_SUPPLIED INFORMATION_
________________

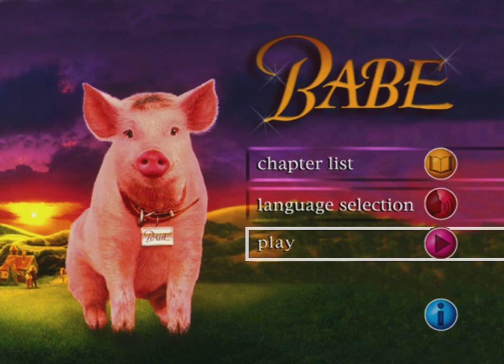So yeah, thanks for watching my DVD menu walkthrough for Babe. What's a shame is that there's no music on the main menu itself or any other sections, which is a shame. But anyway, thanks for watching this video and goodbye!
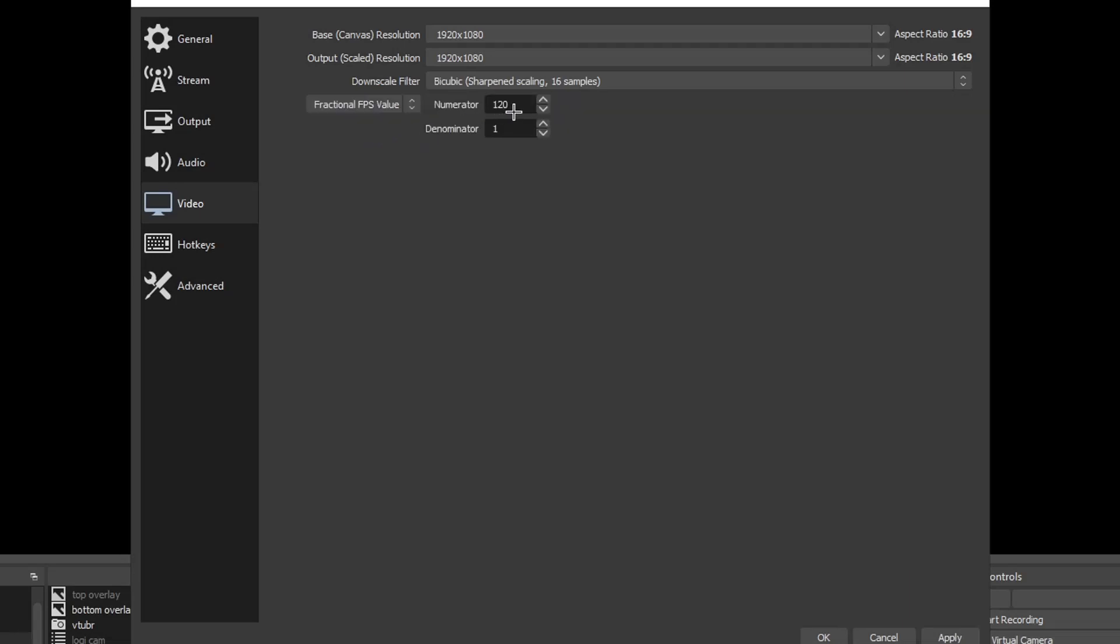Once you change it to fractional you can make your fps 110, 120, 200, 500, 10 million if you really wanted to and you could do it.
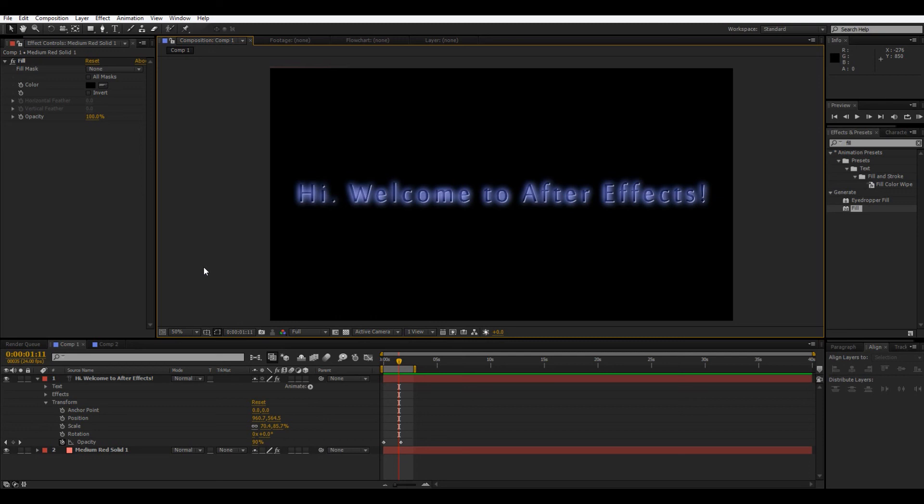So, thanks for watching this After Effects tutorial. If you liked it, please like, comment, and subscribe. And if you have any questions, feel free to leave them in the comment section below. And I will try to get back to you. So, thanks for watching, and I hope you learned something.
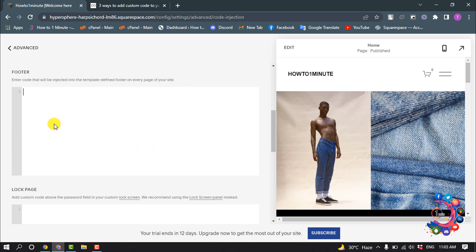Second way: add code injection to a specific page on your Squarespace website. The second way you can add custom code is by adding code injection to a particular page on your Squarespace website.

________________

_THE PROBLEM_
Please copy the lines above exactly as written, apart from any pictures.

_RESPONSE_
So yeah, thanks for watching my DVD menu walkthrough for Babe. What's a shame is that there's no music on the main menu itself or any other sections, which is a shame. But anyway, thanks for watching this video and goodbye!
Once you change it to fractional you can make your fps 110, 120, 200, 500, 10 million if you really wanted to and you could do it.
So, thanks for watching this After Effects tutorial. If you liked it, please like, comment, and subscribe. And if you have any questions, feel free to leave them in the comment section below. And I will try to get back to you. So, thanks for watching, and I hope you learned something.
Second way: add code injection to a specific page on your Squarespace website. The second way you can add custom code is by adding code injection to a particular page on your Squarespace website.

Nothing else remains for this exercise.